Assigned task = A copy of the listing below is needed, exact in every line and without images.

Available data =
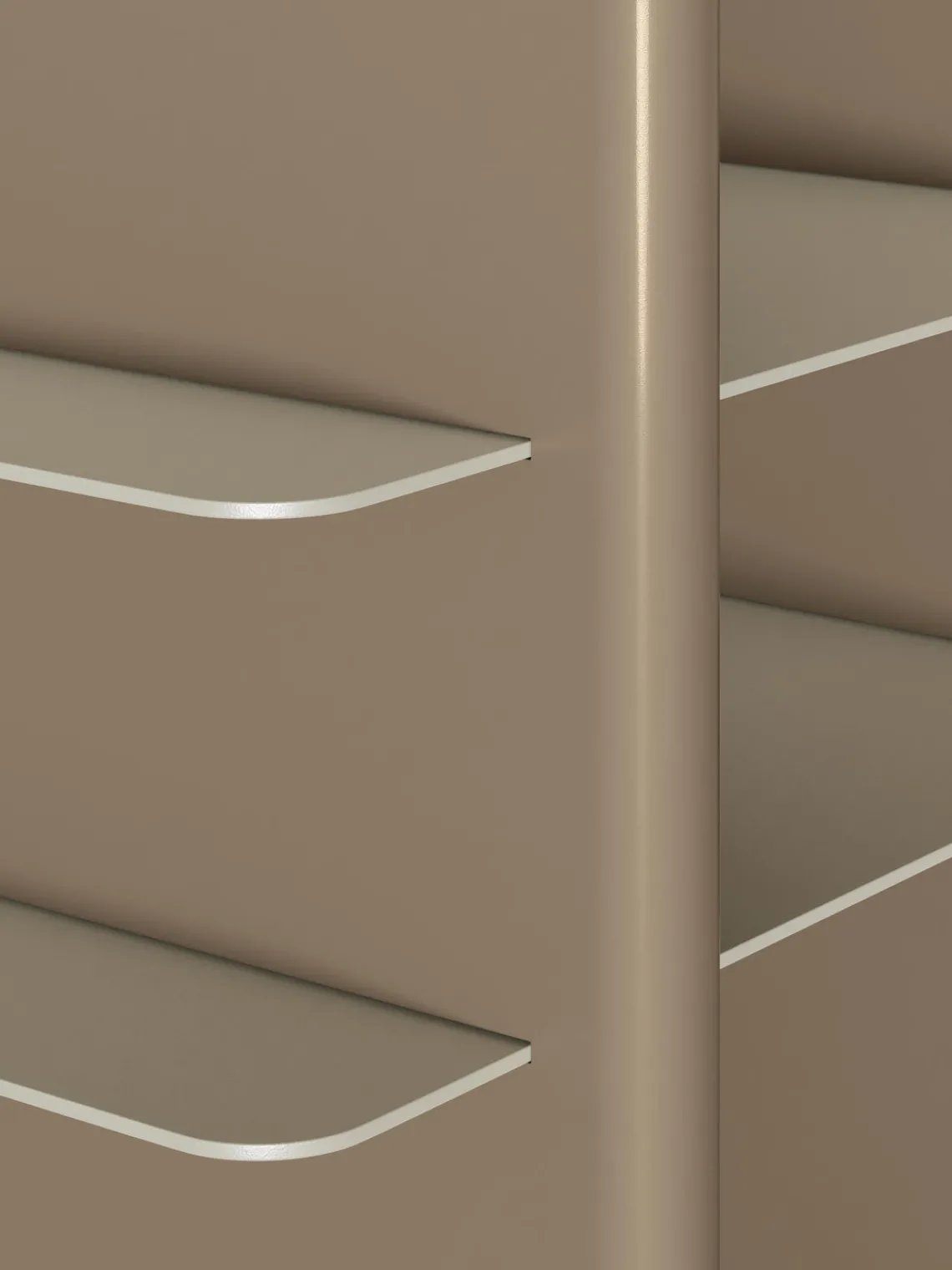 Librerías|Estanterías De Oficina>Westwing Collection Estantería alta con elementos de metal Rami Beige claro, greige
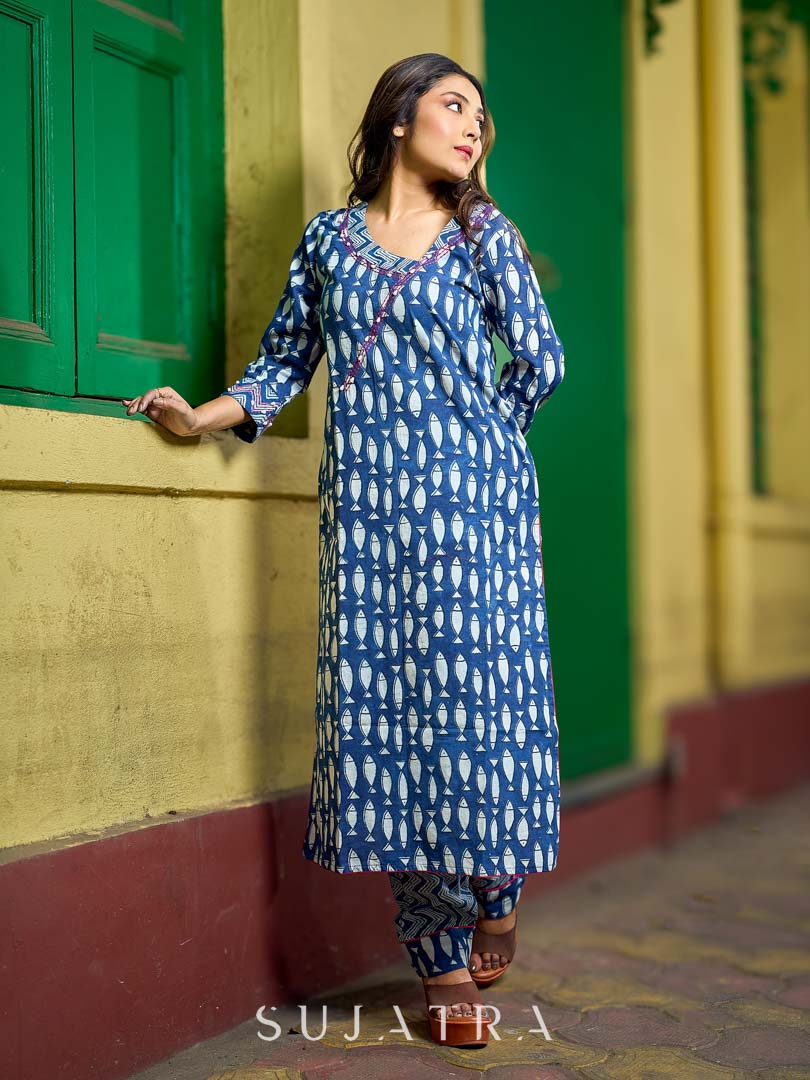 Deep Indigo Kurta with Playful Fish Print, Sculpted Neckline and Magenta Embroidery Accents
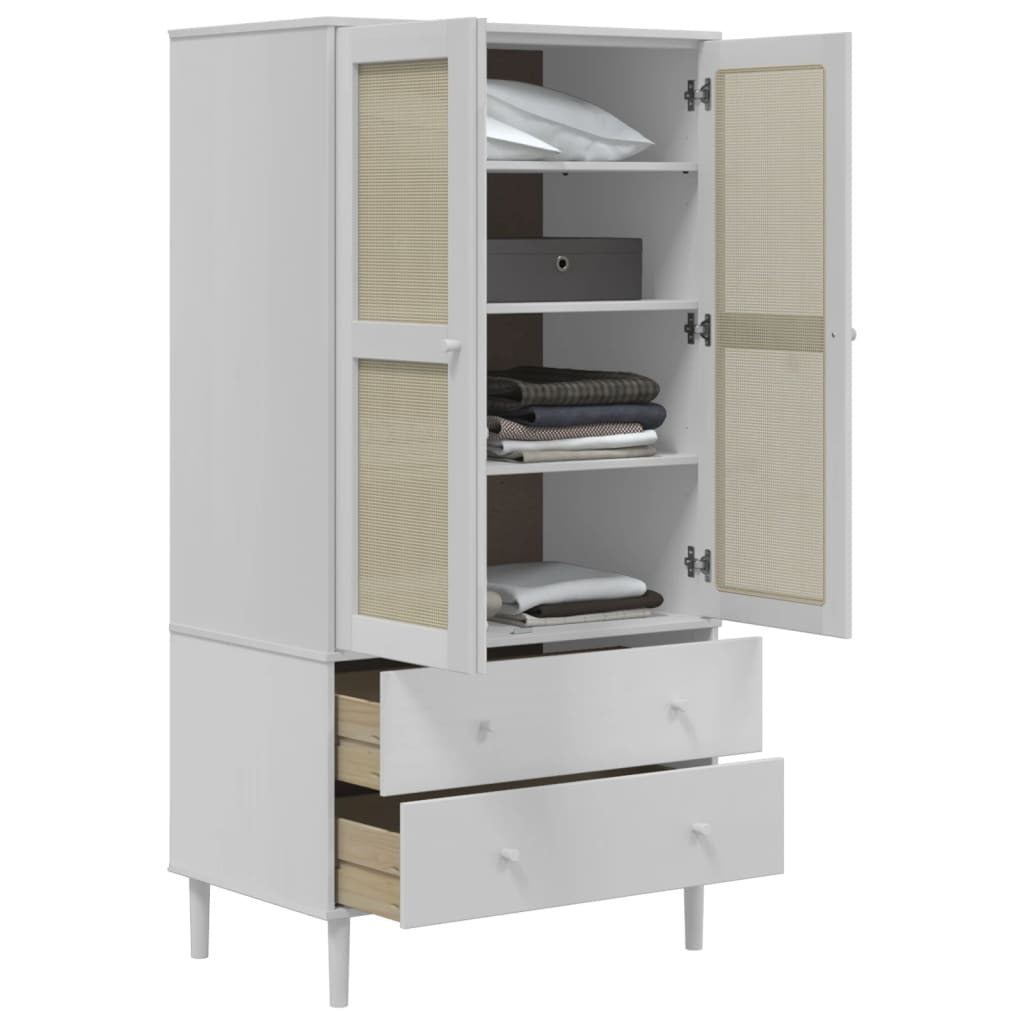 Amboise Elegant Rattan-Effect Wardrobe  Solid Pine Wood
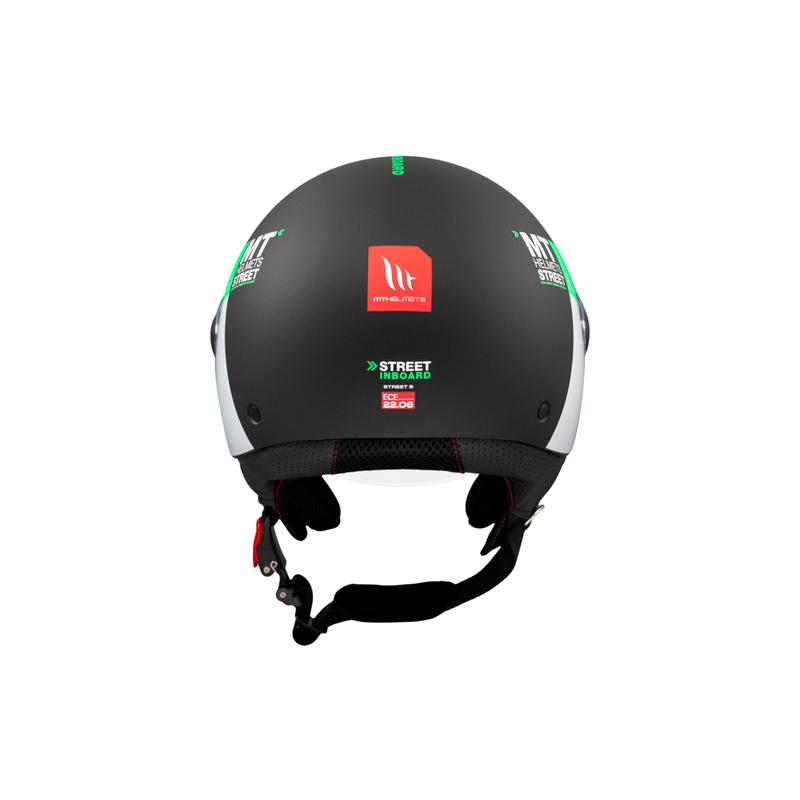 Casca moto deschisa MT STREET INBOARD D6 negru-verde mat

Answer =
 Librerías|Estanterías De Oficina>Westwing Collection Estantería alta con elementos de metal Rami Beige claro, greige
 Deep Indigo Kurta with Playful Fish Print, Sculpted Neckline and Magenta Embroidery Accents
 Amboise Elegant Rattan-Effect Wardrobe  Solid Pine Wood
 Casca moto deschisa MT STREET INBOARD D6 negru-verde mat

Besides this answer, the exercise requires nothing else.